Le régime juridique encadrant l’exploitation des barrages hydroélectriques en France est dans l’impasse depuis plus de vingt ans, selon un rapport publié par deux députés, Marie-Noëlle Battistel (Parti socialiste) et Philippe Bolo (Mouvement démocrate). Les élus soulignent que ce blocage freine lourdement les investissements nécessaires à la modernisation d’un parc représentant 13,92 % de la production électrique française en 2024, soit 74,7 térawattheures (TWh).
Un différend ancien avec la Commission européenne
La France est sous le coup de deux procédures ouvertes par la Commission européenne en 2015 et en 2019. Celles-ci visent principalement la position dominante d’Électricité de France (EDF), qui détient 70 % de la puissance hydroélectrique installée, et le non-renouvellement concurrentiel de concessions arrivées à échéance. Au 31 décembre 2025, 61 des 340 concessions que compte le pays seront échues. Ces concessions couvrent environ 90 % de la capacité hydroélectrique nationale.

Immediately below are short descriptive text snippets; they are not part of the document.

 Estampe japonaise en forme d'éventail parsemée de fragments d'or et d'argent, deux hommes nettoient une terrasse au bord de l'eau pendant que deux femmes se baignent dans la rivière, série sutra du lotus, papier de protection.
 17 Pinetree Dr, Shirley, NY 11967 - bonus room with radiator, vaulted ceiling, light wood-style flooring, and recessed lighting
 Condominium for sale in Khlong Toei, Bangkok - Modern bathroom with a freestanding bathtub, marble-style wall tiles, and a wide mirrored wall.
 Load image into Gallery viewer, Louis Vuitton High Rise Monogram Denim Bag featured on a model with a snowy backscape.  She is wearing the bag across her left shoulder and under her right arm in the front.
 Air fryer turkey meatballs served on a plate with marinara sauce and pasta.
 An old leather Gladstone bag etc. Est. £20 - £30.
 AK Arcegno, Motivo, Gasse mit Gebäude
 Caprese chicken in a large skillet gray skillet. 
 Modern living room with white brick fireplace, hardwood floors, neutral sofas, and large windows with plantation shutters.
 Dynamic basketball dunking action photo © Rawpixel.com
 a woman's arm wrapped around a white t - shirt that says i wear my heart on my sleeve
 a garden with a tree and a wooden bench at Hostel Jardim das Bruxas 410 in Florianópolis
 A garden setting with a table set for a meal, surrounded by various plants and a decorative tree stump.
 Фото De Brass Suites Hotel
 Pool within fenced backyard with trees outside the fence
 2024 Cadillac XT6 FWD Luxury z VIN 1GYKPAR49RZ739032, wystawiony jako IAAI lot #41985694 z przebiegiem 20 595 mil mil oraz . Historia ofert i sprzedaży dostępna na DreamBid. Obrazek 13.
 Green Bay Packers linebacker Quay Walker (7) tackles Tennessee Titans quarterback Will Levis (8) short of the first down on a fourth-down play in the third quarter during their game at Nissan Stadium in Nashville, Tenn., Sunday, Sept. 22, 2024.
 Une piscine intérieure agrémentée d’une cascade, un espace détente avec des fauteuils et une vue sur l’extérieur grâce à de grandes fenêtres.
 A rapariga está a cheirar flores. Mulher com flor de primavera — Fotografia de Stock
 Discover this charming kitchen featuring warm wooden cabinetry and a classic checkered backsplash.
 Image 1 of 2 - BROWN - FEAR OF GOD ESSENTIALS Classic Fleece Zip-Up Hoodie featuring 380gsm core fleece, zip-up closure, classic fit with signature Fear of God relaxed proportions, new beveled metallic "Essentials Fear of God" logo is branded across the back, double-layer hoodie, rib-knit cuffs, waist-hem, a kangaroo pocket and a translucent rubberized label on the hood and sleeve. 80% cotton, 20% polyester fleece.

Les autres grands concessionnaires sont la Compagnie nationale du Rhône (CNR), avec 25 %, et la Société hydroélectrique du Midi (SHEM), avec 3 %. Environ 70 petits opérateurs, essentiellement privés, se partagent les 750 mégawatts restants. Les députés estiment que l’absence de visibilité sur le futur de ces concessions empêche les exploitants de planifier des investissements au-delà de ceux prévus dans leurs obligations contractuelles.
Vers une transformation en régime d’autorisation
Pour sortir de cette impasse, les rapporteurs proposent de basculer d’un régime de concession à celui d’autorisation, utilisé pour environ 2 300 installations de moins de 4,5 mégawatts. Ce changement de régime permettrait d’exclure les ouvrages hydroélectriques de l’obligation de mise en concurrence imposée par le droit européen. En parallèle, ils suggèrent de faire qualifier les barrages d’ouvrages publics dans la loi, comme c’est le cas pour les aéroports.
Les parlementaires recommandent également une révision de la directive européenne dite « concessions », afin d’en exclure explicitement l’activité hydroélectrique. Toutefois, cette modification législative au niveau européen nécessitera un délai estimé à au moins cinq ans pour être adoptée et mise en œuvre.
Rejet d’un mécanisme type Arenh pour l’hydroélectricité
Pour éviter toute requalification assimilable à une privatisation, les députés refusent la mise en place d’un dispositif similaire à l’Accès régulé à l’électricité nucléaire historique (Arenh) dans le domaine hydroélectrique. Selon leur communiqué, cela viserait à ne pas reproduire les limites constatées dans le secteur nucléaire. Ils reconnaissent cependant que d’autres mesures, telles que la livraison encadrée de volumes d’électricité à des tiers, devront être étudiées pour répondre aux exigences du droit communautaire.
« Le pays est enlisé depuis plus de vingt ans dans un différend avec la Commission européenne », indiquent les rapporteurs, rappelant la nécessité de débloquer le régime pour garantir la pérennité du parc hydroélectrique.